Fixes: 6a98d71daea1 ("RDMA/rtrs: client: main functionality")
Signed-off-by: Danil Kipnis <danil.kipnis@cloud.ionos.com>
Signed-off-by: Md Haris Iqbal <haris.iqbal@cloud.ionos.com>
---
 drivers/infiniband/ulp/rtrs/rtrs-clt.c | 14 ++++++++++++--
 1 file changed, 12 insertions(+), 2 deletions(-)
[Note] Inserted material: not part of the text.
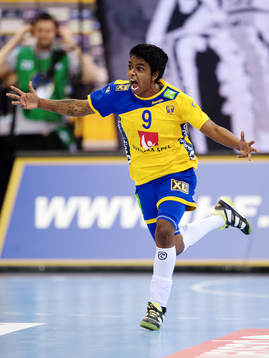Sveriges Loui Sand jublari matchen mellan Norge och Sverige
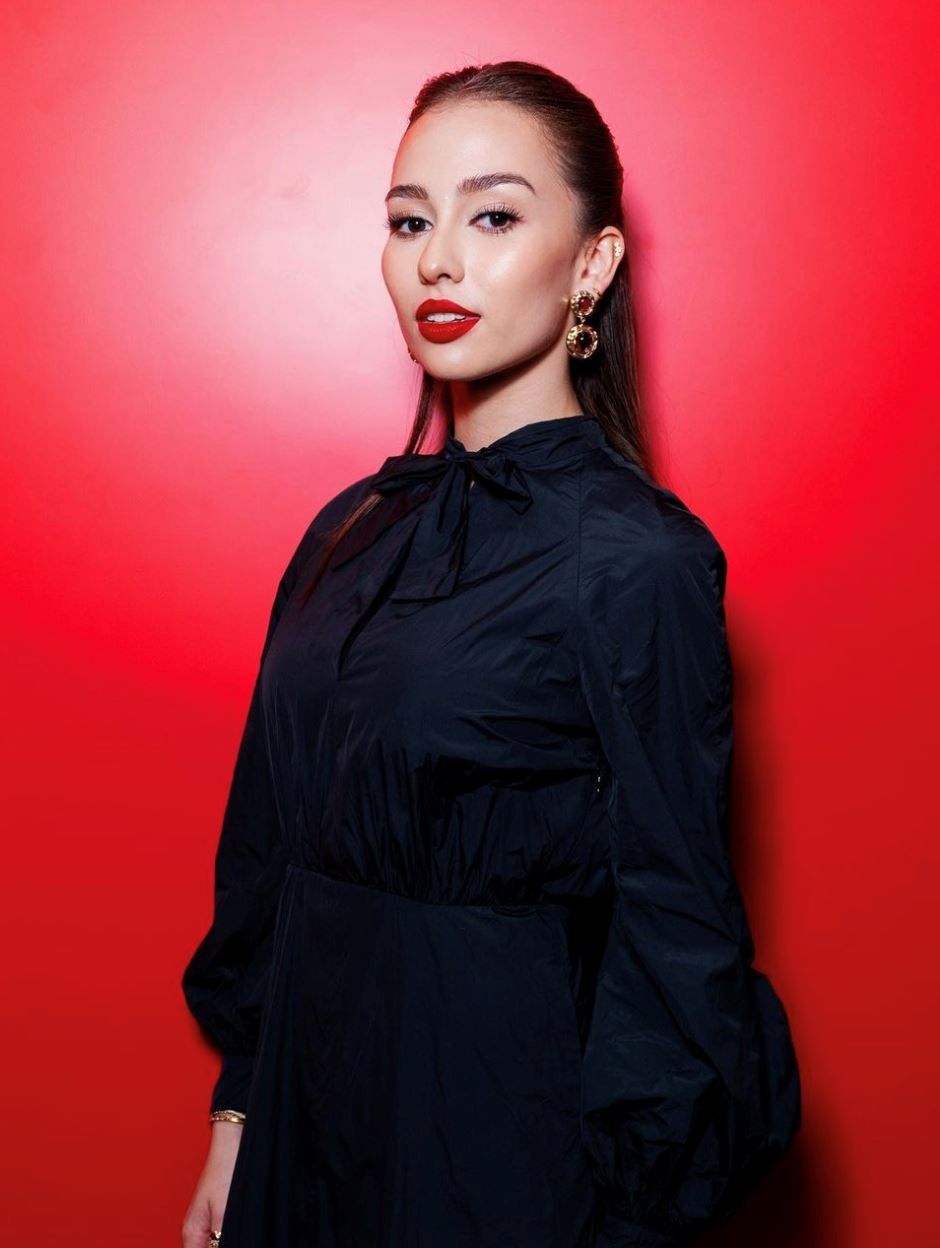 “saya tiada masa untuk cinta, saya masih muda,” – anna jobling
diff --git a/drivers/infiniband/ulp/rtrs/rtrs-clt.c b/drivers/infiniband/ulp/rtrs/rtrs-clt.c
index 564388a85603..5b31d3b03737 100644
--- a/drivers/infiniband/ulp/rtrs/rtrs-clt.c
+++ b/drivers/infiniband/ulp/rtrs/rtrs-clt.c
@@ -12,6 +12,7 @@
 
 #include <linux/module.h>
 #include <linux/rculist.h>
+#include <linux/random.h>
 
 #include "rtrs-clt.h"
 #include "rtrs-log.h"
@@ -23,6 +24,12 @@
  * leads to "false positives" failed reconnect attempts
  */
 #define RTRS_RECONNECT_BACKOFF 1000
+/*
+ * Wait for additional random time between 0 and 8 seconds
+ * before starting to reconnect to avoid clients reconnecting
+ * all at once in case of a major network outage
+ */
+#define RTRS_RECONNECT_SEED 8
 
 MODULE_DESCRIPTION("RDMA Transport Client");
 MODULE_LICENSE("GPL");
@@ -306,7 +313,8 @@ static void rtrs_rdma_error_recovery(struct rtrs_clt_con *con)
 		 */
 		delay_ms = clt->reconnect_delay_sec * 1000;
 		queue_delayed_work(rtrs_wq, &sess->reconnect_dwork,
-				   msecs_to_jiffies(delay_ms));
+				   msecs_to_jiffies(delay_ms +
+						    prandom_u32() % RTRS_RECONNECT_SEED));
 	} else {
 		/*
 		 * Error can happen just on establishing new connection,
@@ -2503,7 +2511,9 @@ static void rtrs_clt_reconnect_work(struct work_struct *work)
 		sess->stats->reconnects.fail_cnt++;
 		delay_ms = clt->reconnect_delay_sec * 1000;
 		queue_delayed_work(rtrs_wq, &sess->reconnect_dwork,
-				   msecs_to_jiffies(delay_ms));
+				   msecs_to_jiffies(delay_ms +
+						    prandom_u32() %
+						    RTRS_RECONNECT_SEED));
 	}
 }
 
-- 
2.25.1


^ permalink raw reply related	[flat|nested] 6+ messages in thread

* [PATCH 2/3] RDMA/rtrs-srv: only call put_device when it's in sysfs
  2020-07-24 11:15 [PATCH 0/3] Number of fixes for rtrs Md Haris Iqbal
  2020-07-24 11:15 ` [PATCH 1/3] RDMA/rtrs-clt: add an additional random 8 seconds before reconnecting Md Haris Iqbal
@ 2020-07-24 11:15 ` Md Haris Iqbal
  2020-07-24 12:28   ` Jason Gunthorpe
  2020-07-24 11:15 ` [PATCH 3/3] RDMA/rtrs: remove WQ_MEM_RECLAIM for rtrs_wq Md Haris Iqbal
  2020-07-29 17:28 ` [PATCH 0/3] Number of fixes for rtrs Jason Gunthorpe
  3 siblings, 1 reply; 6+ messages in thread
From: Md Haris Iqbal @ 2020-07-24 11:15 UTC (permalink / raw)
  To: danil.kipnis, jinpu.wang, linux-rdma, dledford, jgg, leon, bvanassche
  Cc: Md Haris Iqbal

From: Jack Wang <jinpu.wang@cloud.ionos.com>

There are error case we will call free_srv before device kobject
initialized, in such case we shouldn't call put_device, otherwise
a Warning will be generated, eg:

kobject: '(null)' (000000009f5445ed): is not initialized, yet kobject_put() is being called.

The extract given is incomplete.